Captioned web image data:
○ ○ ○ ○ ○

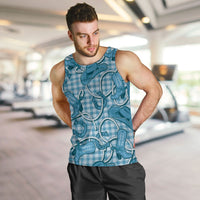 Blue Hawaii Palaka Cowboy Men Tank Top Hawaiian Paniolo Festival Spirit LT19 Blue - Polynesian Pride
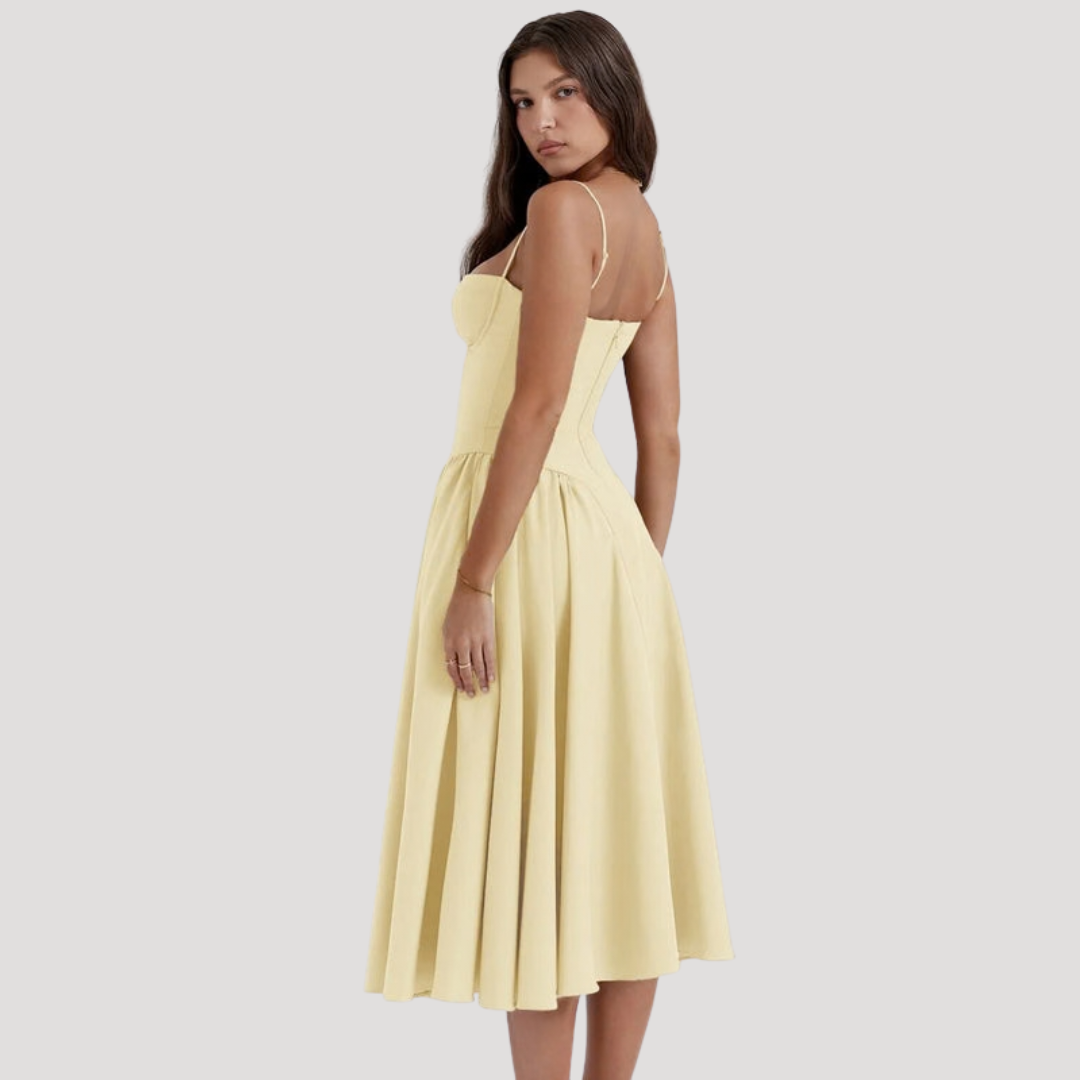 Corset Bodice Midi Dress
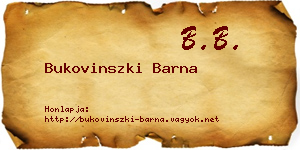 Bukovinszki Barna névjegykártya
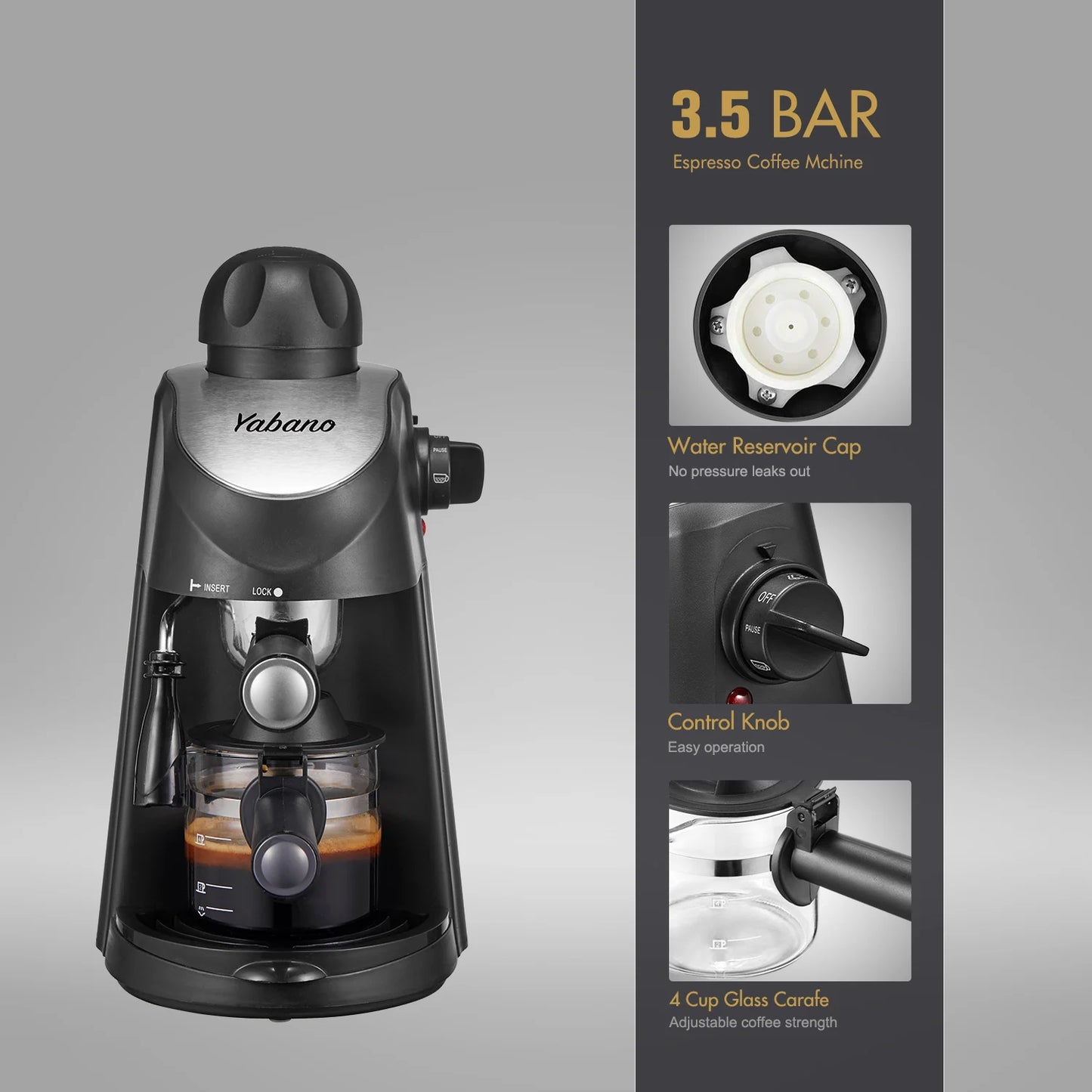 Espresso Machine, Coffee Maker, Espresso and Cappuccino Machine with Milk Froth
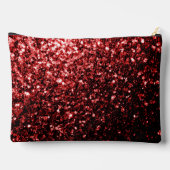 Dunkelrote Imitate Glitzern Glitzer Bling Zubehörtasche (Rückseite)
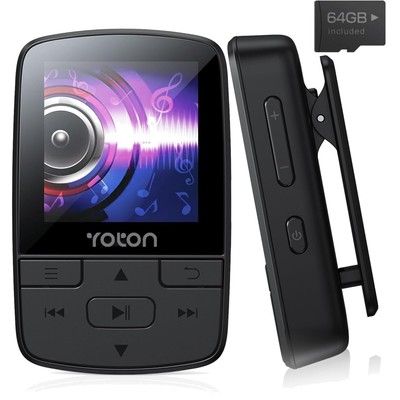 MP3 Player, Bluetooth 5.2, 64GB, FM Radio, Voice Recorder, Clip, Expandable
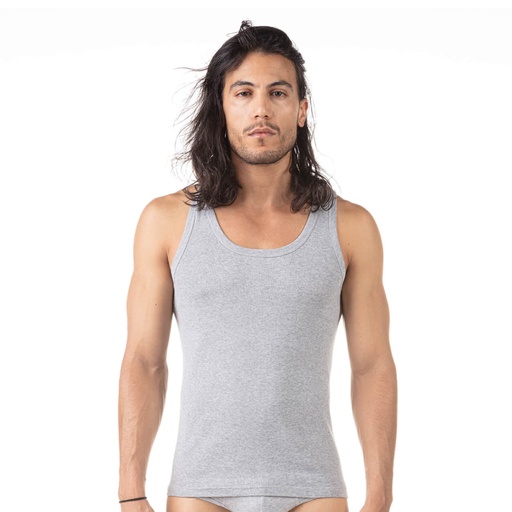 [05-010-19-022-K025-L] Singlet col bas homme en coton pur (Gris Chiné, L)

○ ○ ○ ○ ○

> [WORK ORDER]
Set down every entry above without alteration, but print no images.

> [RESULT FOR THIS TASK]
 Blue Hawaii Palaka Cowboy Men Tank Top Hawaiian Paniolo Festival Spirit LT19 Blue - Polynesian Pride
 Corset Bodice Midi Dress
 Bukovinszki Barna névjegykártya
 Espresso Machine, Coffee Maker, Espresso and Cappuccino Machine with Milk Froth
 Dunkelrote Imitate Glitzern Glitzer Bling Zubehörtasche (Rückseite)
 MP3 Player, Bluetooth 5.2, 64GB, FM Radio, Voice Recorder, Clip, Expandable
 [05-010-19-022-K025-L] Singlet col bas homme en coton pur (Gris Chiné, L)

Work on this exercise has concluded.